Monthly Archives: December 2020

Bare Christmas

This morning I listened repeatedly to John Rutter’s beautiful “Candlelight carol”, and found myself moved to tears. Am I just a soppy old lady? (Don’t answer that) Am I just moved by the sweet music of choristers’ voices soaring up into the awesome void of a cathedral ceiling? I admit do love that, but it was the lyrics that blessed me, encapsulating profound truth in a few lines.

How do you capture the wind on the water,

How do you count all the stars in the sky

How can you measure the face of a mother

How can you write down a baby’s first cry?

Perhaps because we have acquired two new grandchildren this last summer, I am particularly sensitive to the beauty of babies. I broke into grateful tears when we heard that Simon and Caroline’s little Isaac was safely born; and joined in the tears of joy on Tim’s face as he cradled his new daughter in his arms .( so special after three boys!) So covid hear was not entirely without its joys!

It is trite but true: a baby’s first cry is astonishingly precious. I remember going into labour with our first-born, and as I gazed around the delivery room from the high hospital bed, with the little cot in the corner waiting to receive my baby, the oxygen tank standing by, the nurses in their starched aprons, I was grateful. It was an antiquated old hospital, long since demolished and rebuilt, but I was so glad it wasnt a stable! It was clean, warm and I had professional help. In those hours I appreciated afresh my privileges; and I identified with Mary in the pain and joy of childbirth. When my son was eventually born and I heard that first cry, I experienced the truth that the pain recedes into the background because of the joy of the new life. (Although it was a long time before I could bear to think of going through all that again!)

Really, it is not surprising that Mary is venerated, although she would not want to be worshipped because her life was to serve her son, and all worship belongs to him. But to see life coming forth from one’s own body is an awesome thing; and Mary somehow unites the human experience with divine truth: and anyone who has given birth can at least in part identify with her.

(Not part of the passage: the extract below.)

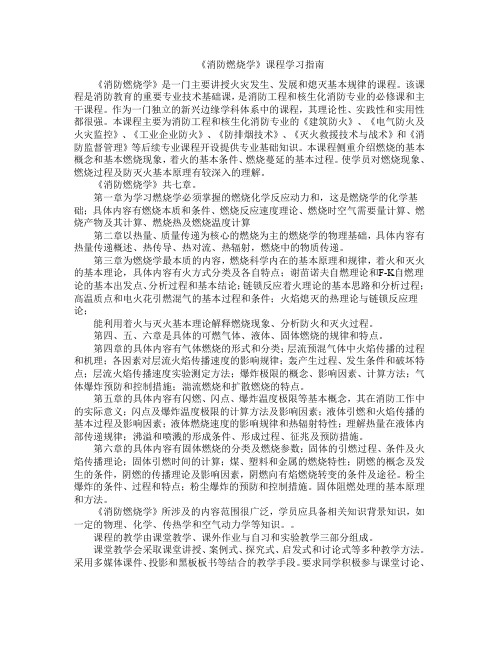 《消防燃烧学》学习指南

I love the juxtaposition too, in the song, of the thought that there are things that are beyond us, mysterious, huge, and impossible to put into words, such as millions of stars, and wind which is invisible but whose movement is powerful; and into this huge and varied landscape the focus zooms in on a baby crying: so small yet central to the whole massive picture.

The song continues:

Shepherds and wisemen will kneel down before him

Seraphim round him their vigil will keep

Nations proclaim him their Lord and their Saviour,

But Mary will hold him and sing him to sleep.

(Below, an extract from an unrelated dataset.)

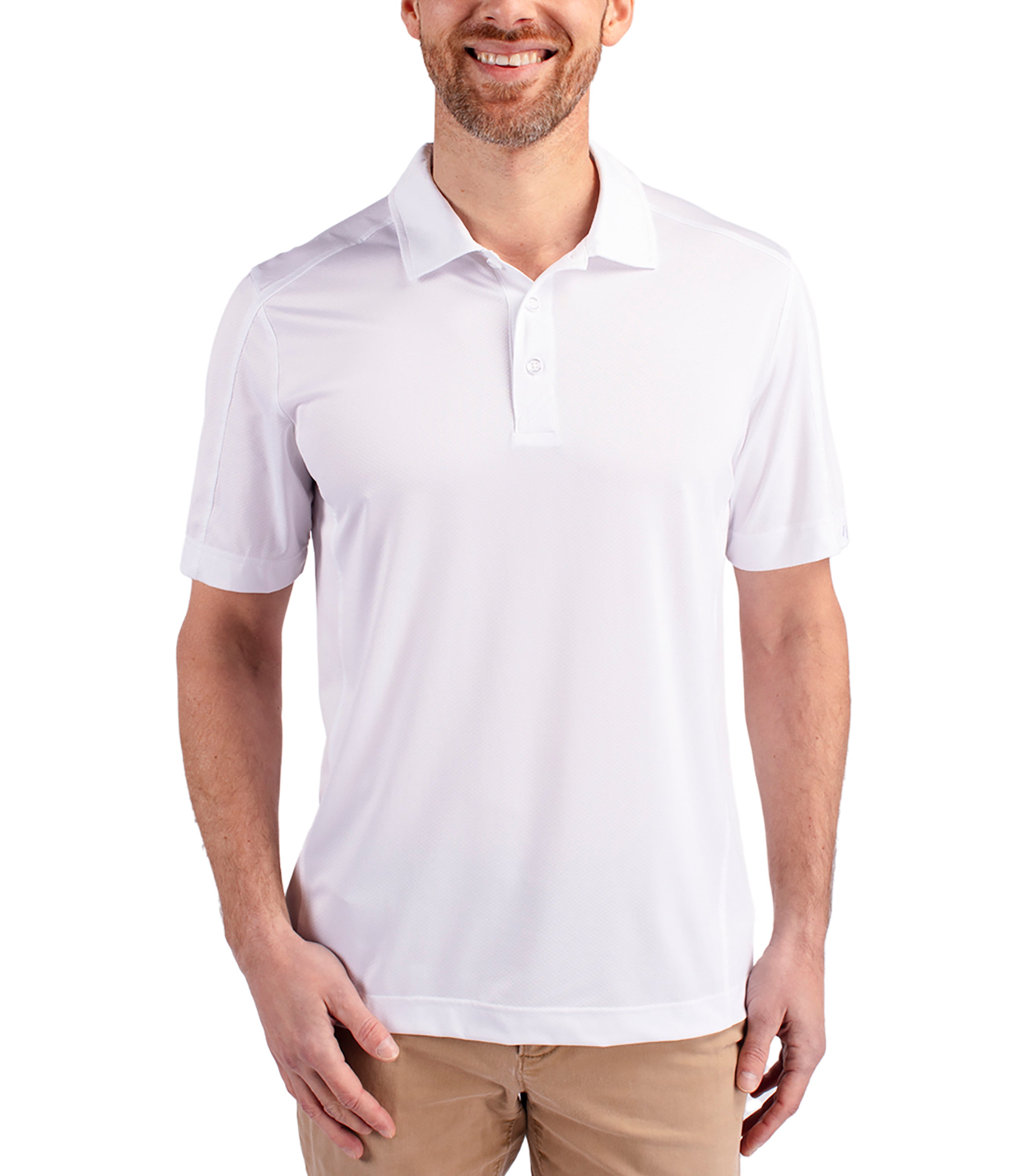 Cutter & Buck Prospect Eco Textured Stretch Recycled Men's Short Sleeve Polo White Polos - Tophatter Daily Deals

Again the joining of majesty and humility! The Incarnation is beyond explanation. The older I get, the more I simply bow before the truth, totally unable to express its glory, its simplicity and its profound depth.

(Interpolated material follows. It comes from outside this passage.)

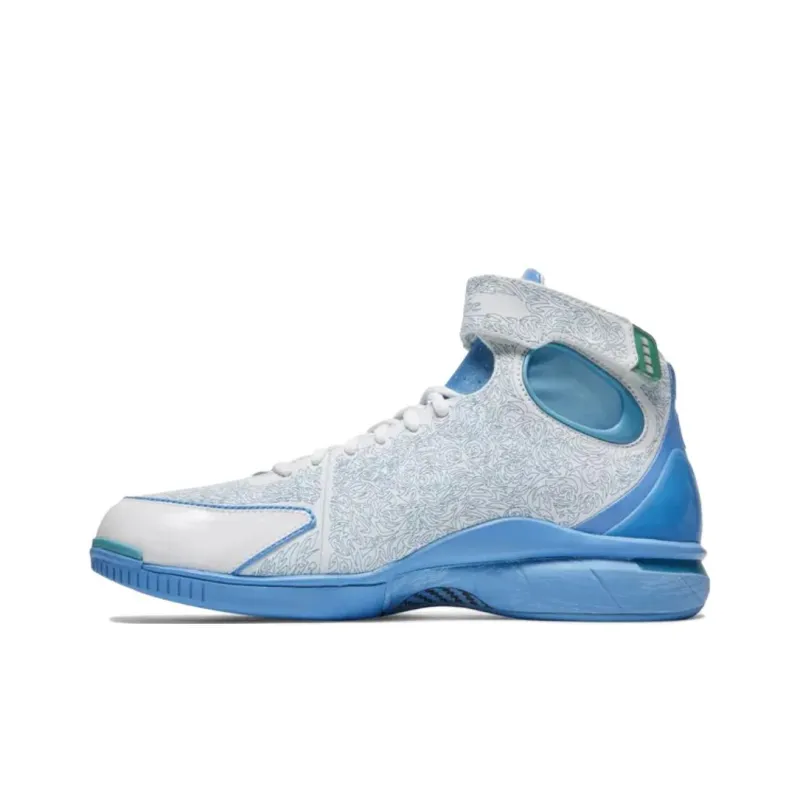Nike Air Zoom Huarache 2K4 Anti Slip Wear Resistant High Top Vintage Basketball Shoes Unisex White Blue-1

I am immeasurably grateful that God allowed me to give birth. Each of my five children was an inexpressible gift. But birth itself is an amazing thing, and to know and experience a child growing inside your body is a great and wonderful privilege. We should not take it lightly. And then to hold, touch, feed and nurture, train and love this life is a great and huge responsibility, full of challenges as well as joy. This song celebrates motherhood and rightly so.

We have an enemy who wants to steal, kill and destroy. He hates the human race because God loves it and has sent his son to redeem it. The enemy besmirches that which is precious, makes the sacred mundane, calls that which is beautiful a nuisance.

This year, Christmas will be stripped down. Traditional events such as concerts, pantomimes and parties are mostly cancelled. Shopping is a meagre affair, or absent, not an exciting trip to Oxford Street to see the lights and join hordes of shoppers in bright shops and decorated streets. We are very limited as to whom we can invite and celebrate with. It will be much more subdued than usual. But maybe, in the absence of all the peripheral trappings, we will be able to meditate and dwell on what it is all about, which so often gets lost in all the noise and excitement: the wonder of God becoming a baby boy.

Think on it and be thankful. This bare Christmas could be the best yet.